=== Dataset records ===
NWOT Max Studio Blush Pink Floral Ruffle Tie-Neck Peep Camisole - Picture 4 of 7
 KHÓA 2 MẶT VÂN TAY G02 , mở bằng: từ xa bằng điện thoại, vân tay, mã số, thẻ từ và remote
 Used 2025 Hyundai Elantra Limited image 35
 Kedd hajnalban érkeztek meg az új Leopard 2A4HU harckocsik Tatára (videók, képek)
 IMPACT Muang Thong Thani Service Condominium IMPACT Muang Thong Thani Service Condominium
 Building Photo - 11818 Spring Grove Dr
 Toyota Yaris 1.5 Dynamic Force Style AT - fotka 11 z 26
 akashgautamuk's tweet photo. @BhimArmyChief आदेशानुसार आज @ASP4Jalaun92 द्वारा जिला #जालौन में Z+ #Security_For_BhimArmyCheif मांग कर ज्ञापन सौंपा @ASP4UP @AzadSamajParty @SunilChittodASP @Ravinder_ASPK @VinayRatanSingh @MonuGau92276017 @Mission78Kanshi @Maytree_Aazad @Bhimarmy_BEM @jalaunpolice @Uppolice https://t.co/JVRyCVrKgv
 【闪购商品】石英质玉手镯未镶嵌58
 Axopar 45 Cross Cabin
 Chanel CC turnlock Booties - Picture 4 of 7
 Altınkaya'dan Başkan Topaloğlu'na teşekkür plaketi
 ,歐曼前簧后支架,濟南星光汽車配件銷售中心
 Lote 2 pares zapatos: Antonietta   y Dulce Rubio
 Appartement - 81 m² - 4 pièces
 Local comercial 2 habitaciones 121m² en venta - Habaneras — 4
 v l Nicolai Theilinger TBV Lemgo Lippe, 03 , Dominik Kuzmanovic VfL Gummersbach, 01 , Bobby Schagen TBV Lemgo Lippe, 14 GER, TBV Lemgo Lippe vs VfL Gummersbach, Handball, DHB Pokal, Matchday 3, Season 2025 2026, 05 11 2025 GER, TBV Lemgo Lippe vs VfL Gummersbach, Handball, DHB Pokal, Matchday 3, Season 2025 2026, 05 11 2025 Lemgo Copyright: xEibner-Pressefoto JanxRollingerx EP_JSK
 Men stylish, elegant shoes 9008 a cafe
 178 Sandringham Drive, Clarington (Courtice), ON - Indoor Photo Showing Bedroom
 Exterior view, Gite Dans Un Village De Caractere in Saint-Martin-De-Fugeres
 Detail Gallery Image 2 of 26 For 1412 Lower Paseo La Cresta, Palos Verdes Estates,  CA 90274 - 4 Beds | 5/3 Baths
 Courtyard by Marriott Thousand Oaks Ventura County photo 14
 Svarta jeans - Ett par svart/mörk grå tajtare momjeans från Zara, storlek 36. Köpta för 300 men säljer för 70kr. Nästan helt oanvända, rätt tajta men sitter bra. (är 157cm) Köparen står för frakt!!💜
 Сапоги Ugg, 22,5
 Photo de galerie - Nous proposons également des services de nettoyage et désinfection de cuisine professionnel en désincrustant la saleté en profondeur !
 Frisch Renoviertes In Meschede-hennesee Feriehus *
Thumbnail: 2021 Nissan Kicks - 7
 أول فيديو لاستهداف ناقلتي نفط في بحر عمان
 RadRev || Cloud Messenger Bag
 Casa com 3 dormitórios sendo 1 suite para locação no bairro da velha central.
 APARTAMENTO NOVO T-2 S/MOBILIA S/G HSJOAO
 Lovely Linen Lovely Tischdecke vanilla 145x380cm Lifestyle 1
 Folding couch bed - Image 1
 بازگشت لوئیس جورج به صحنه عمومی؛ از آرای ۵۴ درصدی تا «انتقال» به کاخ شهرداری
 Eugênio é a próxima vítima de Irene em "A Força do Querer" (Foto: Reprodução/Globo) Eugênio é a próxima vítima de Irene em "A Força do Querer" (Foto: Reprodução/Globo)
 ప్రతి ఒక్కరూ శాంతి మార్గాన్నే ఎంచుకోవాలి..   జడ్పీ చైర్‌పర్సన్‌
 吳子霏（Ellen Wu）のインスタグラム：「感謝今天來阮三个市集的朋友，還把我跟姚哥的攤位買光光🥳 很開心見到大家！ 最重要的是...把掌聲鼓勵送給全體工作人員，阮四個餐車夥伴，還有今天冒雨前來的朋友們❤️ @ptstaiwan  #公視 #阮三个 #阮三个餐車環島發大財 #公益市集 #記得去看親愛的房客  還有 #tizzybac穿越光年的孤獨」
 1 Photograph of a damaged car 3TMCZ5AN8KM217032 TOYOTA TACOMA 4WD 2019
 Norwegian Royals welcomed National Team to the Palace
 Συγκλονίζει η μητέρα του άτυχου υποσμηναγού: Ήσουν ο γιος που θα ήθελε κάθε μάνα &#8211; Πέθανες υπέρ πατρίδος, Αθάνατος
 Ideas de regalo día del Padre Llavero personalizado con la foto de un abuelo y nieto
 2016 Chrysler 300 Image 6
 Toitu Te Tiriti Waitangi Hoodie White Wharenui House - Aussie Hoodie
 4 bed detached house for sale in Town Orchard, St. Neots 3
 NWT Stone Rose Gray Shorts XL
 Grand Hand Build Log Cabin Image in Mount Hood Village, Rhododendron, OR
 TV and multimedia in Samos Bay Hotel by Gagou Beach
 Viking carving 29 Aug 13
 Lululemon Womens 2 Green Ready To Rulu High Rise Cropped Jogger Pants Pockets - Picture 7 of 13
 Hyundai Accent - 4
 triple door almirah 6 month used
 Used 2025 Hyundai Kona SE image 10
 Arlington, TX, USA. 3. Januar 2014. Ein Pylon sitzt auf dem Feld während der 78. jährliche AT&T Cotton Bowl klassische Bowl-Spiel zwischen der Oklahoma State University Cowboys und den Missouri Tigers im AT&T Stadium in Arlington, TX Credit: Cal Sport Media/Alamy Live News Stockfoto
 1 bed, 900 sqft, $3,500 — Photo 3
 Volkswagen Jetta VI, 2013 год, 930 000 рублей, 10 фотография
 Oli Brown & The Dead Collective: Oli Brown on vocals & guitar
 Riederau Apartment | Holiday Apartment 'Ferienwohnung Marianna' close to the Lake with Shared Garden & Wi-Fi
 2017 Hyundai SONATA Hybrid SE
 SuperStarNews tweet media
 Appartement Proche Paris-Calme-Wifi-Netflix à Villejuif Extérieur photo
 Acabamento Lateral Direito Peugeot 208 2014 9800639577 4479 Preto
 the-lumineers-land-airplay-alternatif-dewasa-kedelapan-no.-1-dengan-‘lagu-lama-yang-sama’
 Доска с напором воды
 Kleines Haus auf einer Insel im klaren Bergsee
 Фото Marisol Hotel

=== Try it ===
Restate word for word the lines of the data above, starting at the line containing "v l Nicolai" and ending at the line containing "Detail Gallery Image", both included, and nothing more.

=== Expected answer ===
 v l Nicolai Theilinger TBV Lemgo Lippe, 03 , Dominik Kuzmanovic VfL Gummersbach, 01 , Bobby Schagen TBV Lemgo Lippe, 14 GER, TBV Lemgo Lippe vs VfL Gummersbach, Handball, DHB Pokal, Matchday 3, Season 2025 2026, 05 11 2025 GER, TBV Lemgo Lippe vs VfL Gummersbach, Handball, DHB Pokal, Matchday 3, Season 2025 2026, 05 11 2025 Lemgo Copyright: xEibner-Pressefoto JanxRollingerx EP_JSK
 Men stylish, elegant shoes 9008 a cafe
 178 Sandringham Drive, Clarington (Courtice), ON - Indoor Photo Showing Bedroom
 Exterior view, Gite Dans Un Village De Caractere in Saint-Martin-De-Fugeres
 Detail Gallery Image 2 of 26 For 1412 Lower Paseo La Cresta, Palos Verdes Estates,  CA 90274 - 4 Beds | 5/3 Baths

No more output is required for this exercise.